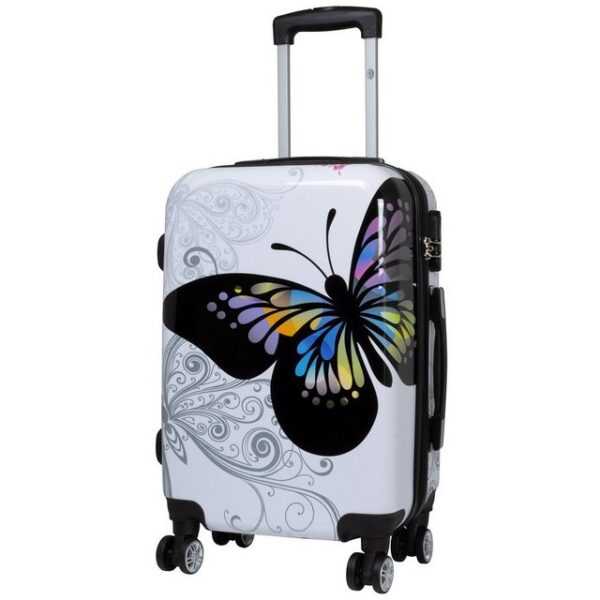 Trendyshop365 Hartschalen-Trolley Butterfly, bunter Koffer mit Schmetterlings-Motiv, 3 Größen, 4 Rollen, Zahlenschloss, Polycarbonat, Dehnfalte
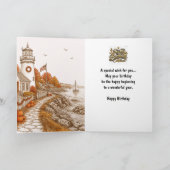 Carte d'anniversaire de phare nautique de saison d (Intérieur)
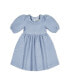 Toddler Girls Quilted Puff Sleeve Dress Dusty blue quilted, 3T - фото #1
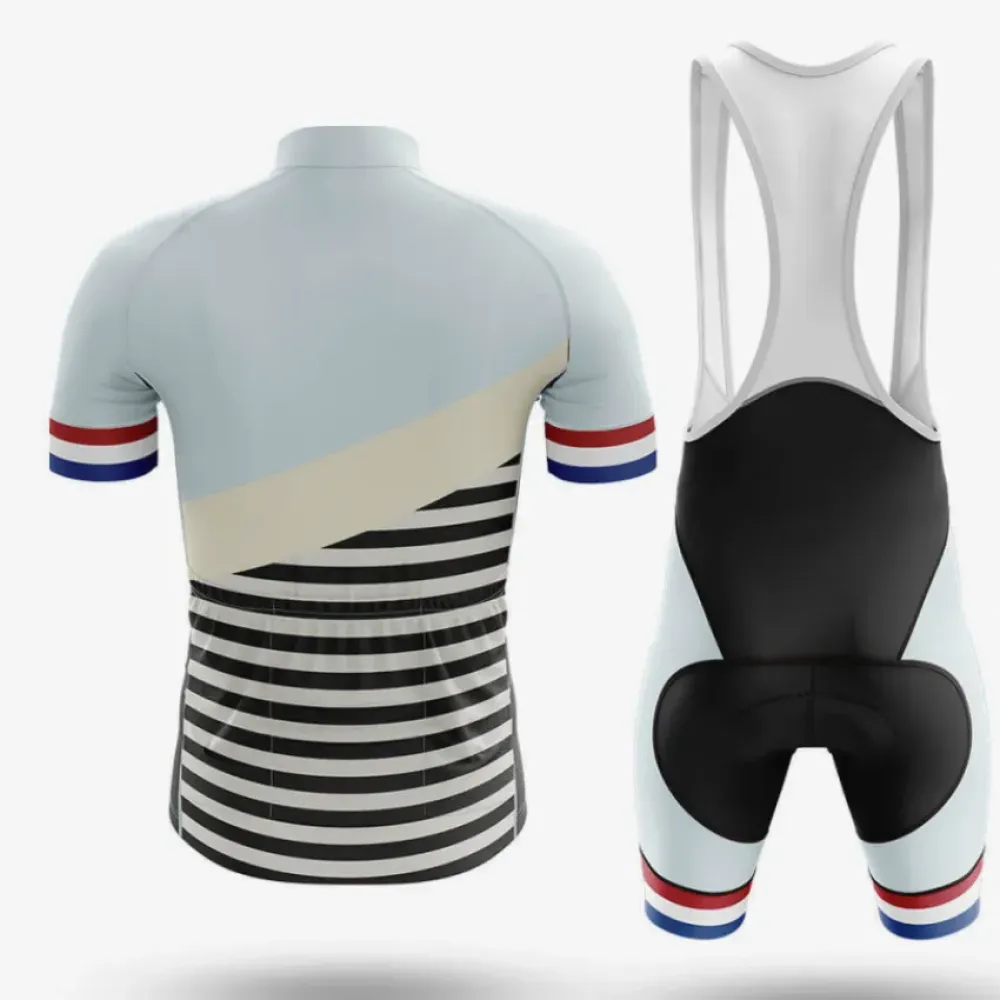 Netherlands S3 Cycling Jersey Modern Stripes White/Black/Red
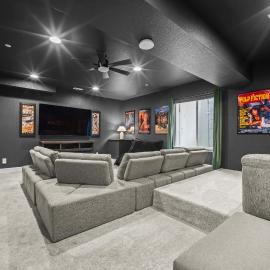 Modern Home with Firepit Grill Cinema Room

=== What to do ===
With the pictures left out, return each entry exactly as written.

=== Written solution ===
 Trendyshop365 Hartschalen-Trolley Butterfly, bunter Koffer mit Schmetterlings-Motiv, 3 Größen, 4 Rollen, Zahlenschloss, Polycarbonat, Dehnfalte
 Carte d'anniversaire de phare nautique de saison d (Intérieur)
 Toddler Girls Quilted Puff Sleeve Dress Dusty blue quilted, 3T - фото #1
 Netherlands S3 Cycling Jersey Modern Stripes White/Black/Red
 Modern Home with Firepit Grill Cinema Room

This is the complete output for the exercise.